_Required work_
If a record contains a picture, skip the picture and transcribe the rest exactly.

_Source records_
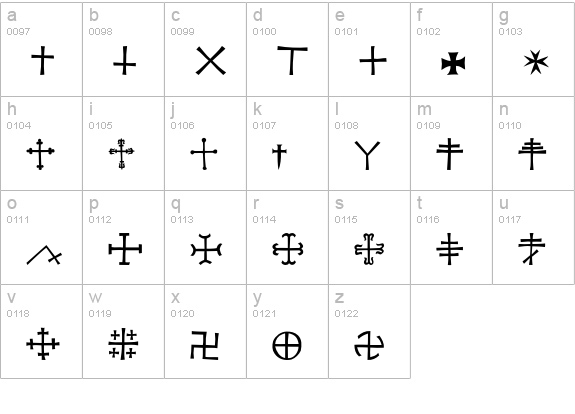 KochSignsTwo lowercase a-z preview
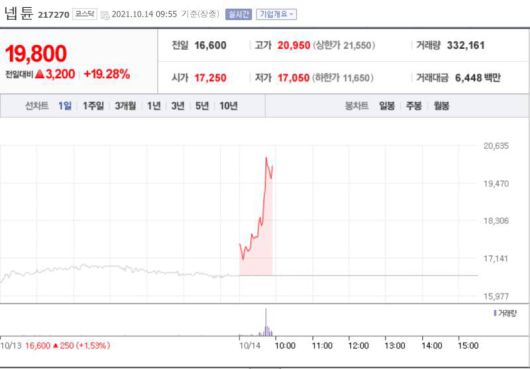 넵튠 주가 급상승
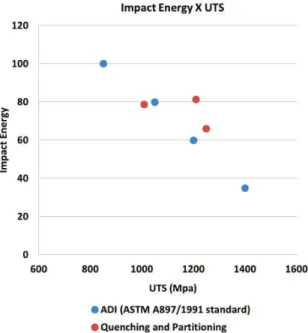 Figure 7. Mechanical properties map comparing ADI with  quenching and partitioning ductile cast iron.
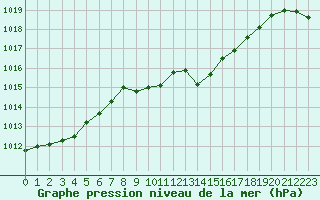 Courbe de la pression atmosphrique pour Cheb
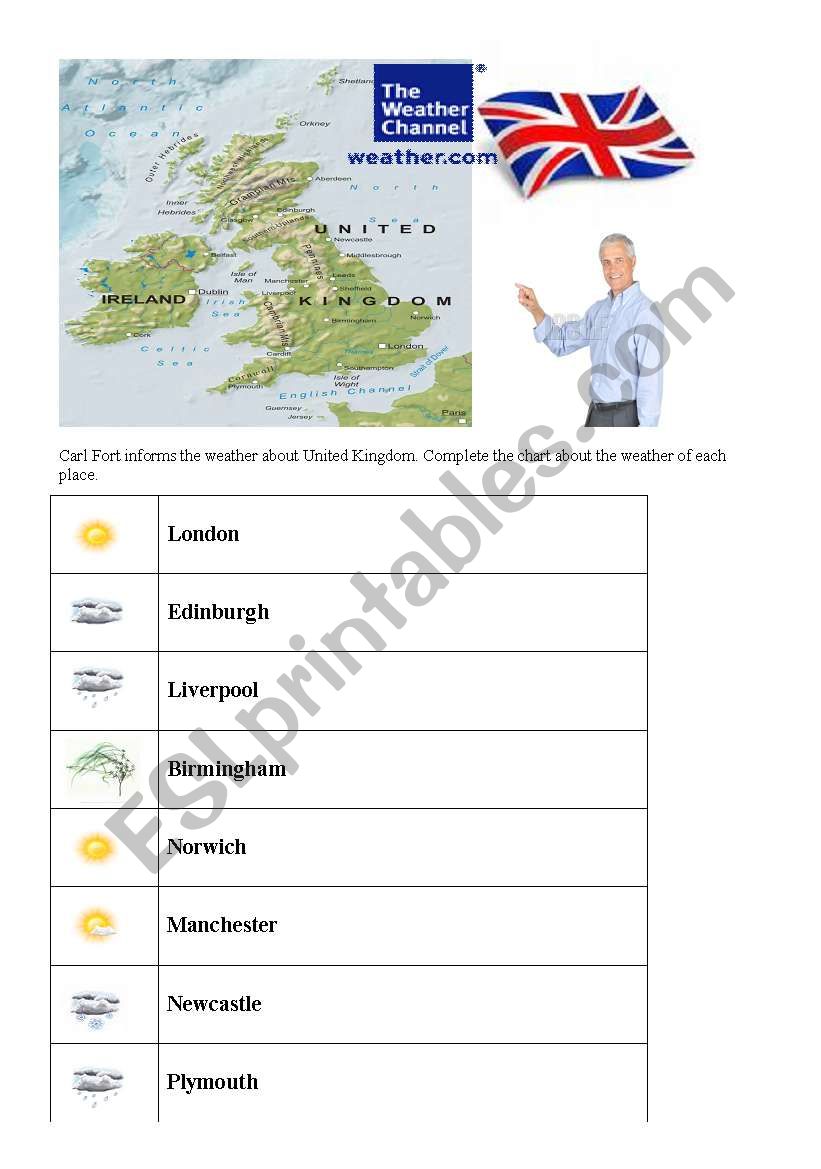 THE WEATHER CHANNEL worksheet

_Solution to this exercise_
 KochSignsTwo lowercase a-z preview
 넵튠 주가 급상승
 Figure 7. Mechanical properties map comparing ADI with  quenching and partitioning ductile cast iron.
 Courbe de la pression atmosphrique pour Cheb
 THE WEATHER CHANNEL worksheet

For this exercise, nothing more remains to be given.